Why right wing? I’m rather left leaning, even by European standards. I’m not some crazy antivaxxer either, plenty of those on both sides.

Nevertheless the pandemic responses by various governments I have to interact with have done much to deepen my distrust of them and the society around me.

Various governments have deployed drastic measures such as lockdowns in an effort to control the pandemic, but they’ve released little evidence to demonstrate the usefulness of these measures.
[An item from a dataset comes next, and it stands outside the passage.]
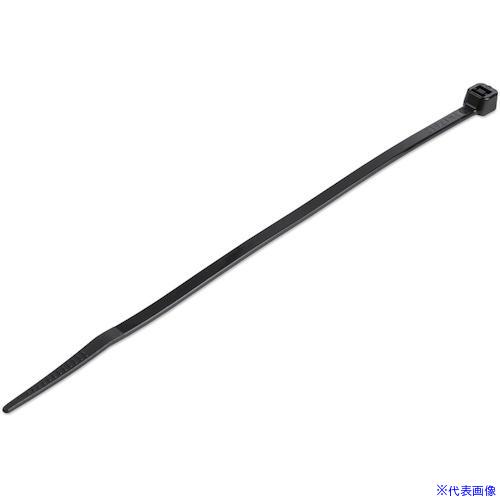 ■StarTech 結束バンド/ナイロンケーブルタイ/100本入りパック/ブラック/長さ15cm/幅3mm/ケーブル束の直..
Research is increasingly showing that the lockdowns were not worth it. If that is really true their victims should be lavishly compensated and those responsible actually held responsible.

https://onlinelibrary.wiley.com/doi/epdf/10.1111/ijcp.13674

https://www.ncbi.nlm.nih.gov/pmc/articles/PMC7499782/

Of course I personally am not qualified to judge whether or not the lockdowns were a mistake, but the evidence seems to be piling up against them. The governments could alleviate these concerns by showing solid research confirming that they didn’t fuck up.

Because this was heavily partisan issue. It is just absurd to claim it was not.
Bad government decisionmaking should very much be a common issue.
It does not matter what attitudes people should have. It matters which they actually had.

The "feel that they’ve been unfairly imprisoned in their homes by the rest of society" was very right wing attitude. Even in places with no lockdowns and no restrictions. Even left wing disagreeing with this or that measured would talk about these in less emotional terms.

You think only right wing people didn’t like being forcibly locked down?
What lockdowns has the US had?
I think that this was heavily partisan issue. So, yes, the "unfairly imprisoned in their homes by the rest of society" would have severe right wing bias. Just like anti masking and anti vaccine attitudes are currently heavily biased by partisan politics.

OP could have stated it in more neutral terms, but chosen not to.